Eles estavam acomodados em dois alojamentos sujos, sem chuveiro e instalações elétricas sob risco de incêndio. Os alimentos ficavam guardados perto de equipamentos para aplicação de agrotóxico, sob risco de contaminação. Os trabalhadores haviam recebido promessas enganosas de bom alojamento e remuneração justa, método comum de aliciamento. Não contavam com carteira de trabalho assinada, muito menos com equipamentos de proteção e de higiene para o trato com os animais. A coluna não conseguiu contato com os responsáveis pela chácara.

Verbas rescisórias de R$ 73 mil, indenização de R$ 265 mil Ao final da operação, que se iniciou em meados de dezembro, o Ministério do Trabalho e Previdência calculou em R$ 72.838,75 as verbas rescisórias e os direitos trabalhistas para os três. Também foram garantidas três parcelas de um salário mínimo referente ao seguro desemprego concedido a vítimas da escravidão. Há informações que não foram divulgadas pela fiscalização para não atrapalhar o processo de pagamento dos trabalhadores, que ainda está em curso.

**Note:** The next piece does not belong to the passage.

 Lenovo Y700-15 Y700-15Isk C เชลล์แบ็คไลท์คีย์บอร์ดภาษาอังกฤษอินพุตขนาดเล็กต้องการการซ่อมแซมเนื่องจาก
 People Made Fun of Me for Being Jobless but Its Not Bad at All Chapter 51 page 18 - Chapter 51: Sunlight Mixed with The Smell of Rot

A procuradora do Ministério Público do Trabalho, Clarissa Schinestsck, firmou um Termo de Ajuste de Conduta foi firmado com o empregador para o pagamento de mais R$ 265.000,00 às vítimas como dano moral individual – R$ 100 mil para os irmãos que estavam há mais tempo e R$ 65 mil para a outra. Outros R$ 35.000,00 deverão ser destinados, na forma de compensação de danos morais coletivos, ao Centro de Apoio e Pastoral do Migrante (Cami), que atua com vítimas da escravidão e do tráfico de pessoas.

Os trabalhadores foram levados para um hotel, que está sendo bancado pelo abrigo, até que voltem para suas residências – custo que também ficará a cargo do empregador. A assistência social de Limeira está dando apoio aos três e o MPT informou as autoridades municipais para que acompanhem a situação dos animais da chácara.

Trabalho escravo no Brasil hoje

Os grupos de fiscalização móvel para o combate à escravidão existem desde 1995 e são integrados por auditores fiscais do Ministério do Trabalho, procuradores do Ministério Público do Trabalho e do Ministério Público Federal, agentes da Polícia Federal, da Polícia Rodoviária Federal, Polícia Civil ou Militar e por membros da Defensoria Pública da União. Mais de 57 mil trabalhadores foram resgatados pelo governo desde 1995.

A Lei Áurea aboliu a escravidão formal, o que significou que o Estado brasileiro não mais reconhece que alguém seja dono de outra pessoa. Persistiram, contudo, situações que transformam pessoas em instrumentos descartáveis de trabalho, negando a elas sua liberdade e dignidade. Desde a década de 1940, o Código Penal Brasileiro prevê a punição a esse crime. A essas formas dá-se o nome de trabalho escravo contemporâneo, escravidão contemporânea, condições análogas às de escravo.

De acordo com o artigo 149 do Código Penal, quatro elementos podem definir escravidão contemporânea por aqui: trabalho forçado (que envolve cerceamento do direito de ir e vir), servidão por dívida (um cativeiro atrelado a dívidas, muitas vezes fraudulentas), condições degradantes (trabalho que nega a dignidade humana, colocando em risco a saúde e a vida) ou jornada exaustiva (levar ao trabalhador ao completo esgotamento dado à intensidade da exploração, também colocando em risco sua saúde e vida).

Trabalhadores têm sido encontrados em fazendas de gado, soja, algodão, café, frutas, erva-mate, batatas, sisal, na derrubada de mata nativa, na produção de carvão para a siderurgia, na extração de caulim e de minérios, na construção civil, em oficinas de costura, em bordéis. A pecuária bovina é a principal atividade econômica flagrada com trabalho escravo desde 1995.